Trucking groups opposed to FMCSA crash-indicator system

On Behalf of | Feb 9, 2015 | Truck Accidents

The Federal Motor Carrier Safety Administration has a system for evaluating the safety of truck carrier groups and operators, and it has garnered less than ringing endorsements from voices within the industry.

In fact, observations noted by the FMCSA in a recent report related to its so-called Compliance, Safety, Accountability system have drawn a withering response from trucking organizations who state that the federal regulator is off base in its thinking and evaluative process.

As noted in a recent media article on truck accidents in the commercial carrier industry, most police accident reports include crash fault-related information. Reportedly, the FMCSA could cull and use that data to determine carriers with comparatively problematic safety records and at the highest risk for repeat accidents.

Notwithstanding such data, though, and the FMCSA’s acknowledgment of its existence, the agency is loathe to use it, stating that rendering it useful would take too much time and money. Federal regulators also say, perhaps ironically, that fault determination is simply not that useful as a barometer for measuring future accident probabilities.

Instead, they note, a carrier’s crash involvement alone, without consideration of who was at fault, is a strong predictor of crash possibilities in the future.

National trucking groups are uniformly opposed to any FMCSA evaluation that does not include at-fault analysis.
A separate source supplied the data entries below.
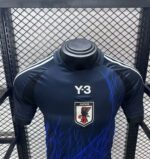 camiseta-japon-primera-equipacion-version-jugador-2024-2025-pecho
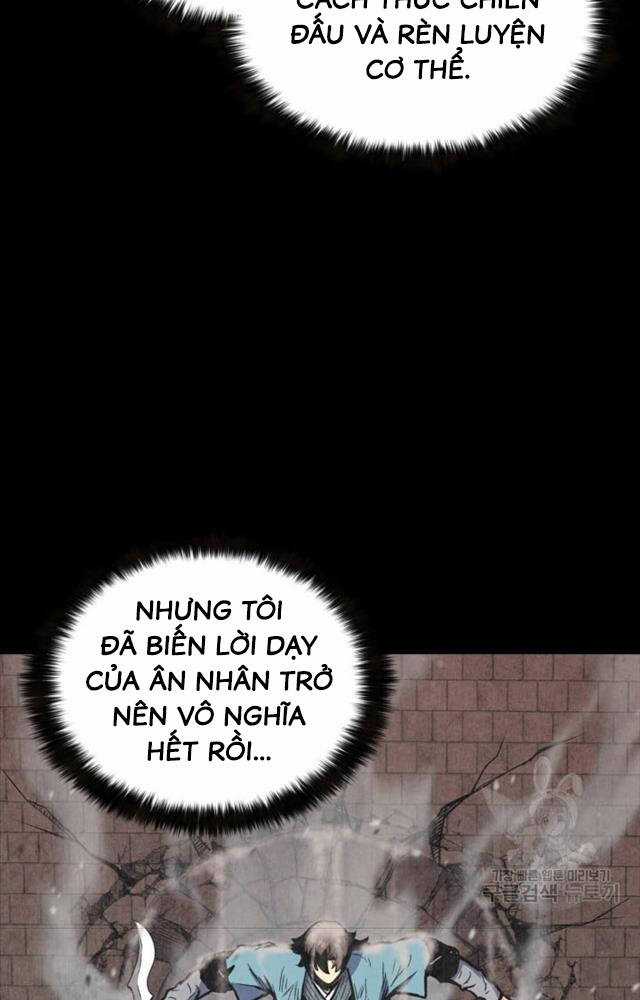 Ta Là Chủ Nhân Của Thư Viện Võ Công Chapter 4 trang 83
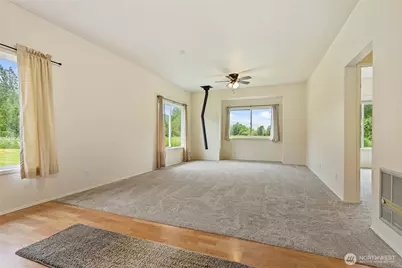 5473 Strand Road, Deming, WA 98244 - Photo 11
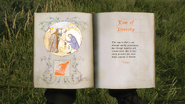 Pages 1-2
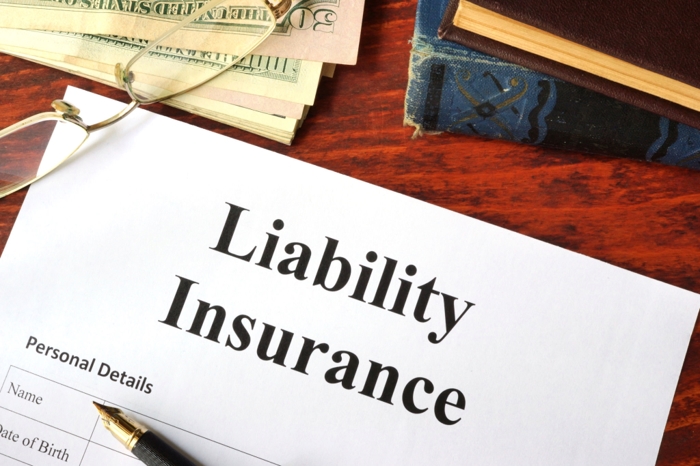 vrbo liability insurance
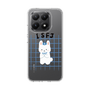 Slim Protection Case［ Original - ISFJ Defender - Character ］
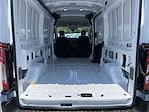 2025 Ford Transit 250 Medium Roof RWD Empty Cargo Van for sale #JSKA85713 - photo 2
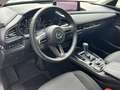 Mazda CX-30 2.5 e-SkyActiv-G M Hybrid Homura l Adaptive Cruise - thumbnail 6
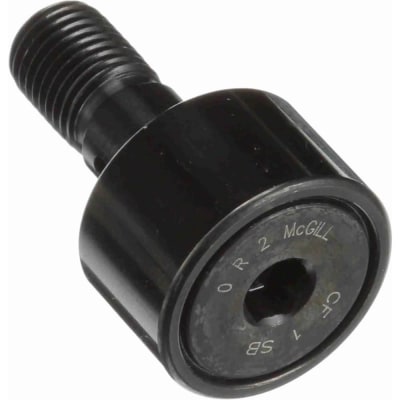 REGAL REXNORD 2100112000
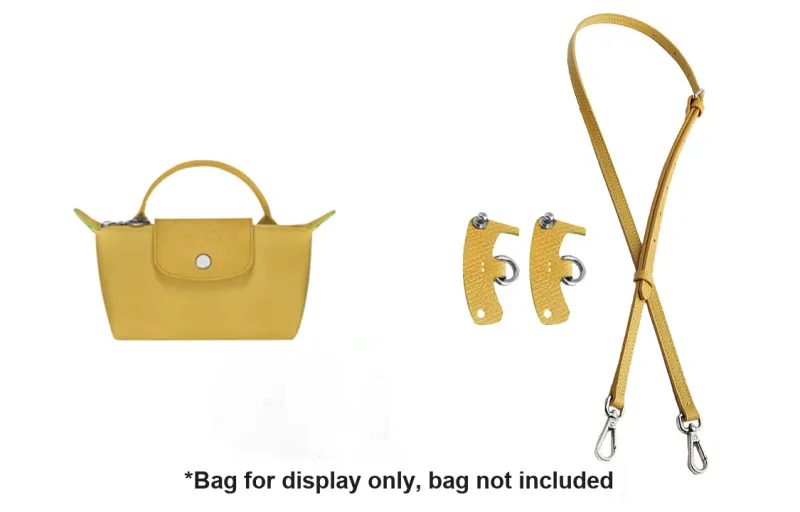 Luxury Care Artisan Workshop Cow Leather Perforated Modified Shoulder Bag, Crossbody Bag With Strap Women's Multicolor-24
A senior official with the American Trucking Associations says that taking account of any accident that is clearly not the fault of a truck driver is unfair “and certainly should not be used to target his or her carrier for potentially intrusive government oversight.”

The FMCSA is presently soliciting public comments on its report and on the degree to which it should consider — or ignore — a truck driver’s role in an accident when determining carrier safety.